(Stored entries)

=== Section Start ===

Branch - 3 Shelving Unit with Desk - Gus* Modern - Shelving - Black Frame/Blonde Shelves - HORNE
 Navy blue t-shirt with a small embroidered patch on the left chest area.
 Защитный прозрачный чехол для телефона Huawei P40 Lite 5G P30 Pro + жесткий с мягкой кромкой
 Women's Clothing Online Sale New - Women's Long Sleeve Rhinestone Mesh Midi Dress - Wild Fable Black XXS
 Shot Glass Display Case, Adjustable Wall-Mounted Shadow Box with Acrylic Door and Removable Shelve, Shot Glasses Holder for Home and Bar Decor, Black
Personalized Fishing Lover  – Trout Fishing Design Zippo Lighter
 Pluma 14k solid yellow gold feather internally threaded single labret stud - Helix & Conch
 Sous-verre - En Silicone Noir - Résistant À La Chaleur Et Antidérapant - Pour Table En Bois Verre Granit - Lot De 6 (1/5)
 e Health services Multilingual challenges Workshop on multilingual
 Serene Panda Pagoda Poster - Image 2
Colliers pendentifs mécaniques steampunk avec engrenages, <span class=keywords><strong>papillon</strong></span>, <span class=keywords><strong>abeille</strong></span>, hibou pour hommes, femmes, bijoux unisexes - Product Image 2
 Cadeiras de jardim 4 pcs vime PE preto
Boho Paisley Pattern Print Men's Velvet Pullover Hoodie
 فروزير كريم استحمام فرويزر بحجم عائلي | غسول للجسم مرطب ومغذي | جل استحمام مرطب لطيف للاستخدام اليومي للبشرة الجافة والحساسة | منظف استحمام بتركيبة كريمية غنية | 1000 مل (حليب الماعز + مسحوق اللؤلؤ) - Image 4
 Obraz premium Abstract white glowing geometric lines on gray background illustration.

=== Section End ===

What is being asked :: A single number is the answer: how many lines in the records above contain the word "Black".

Final answer :: 3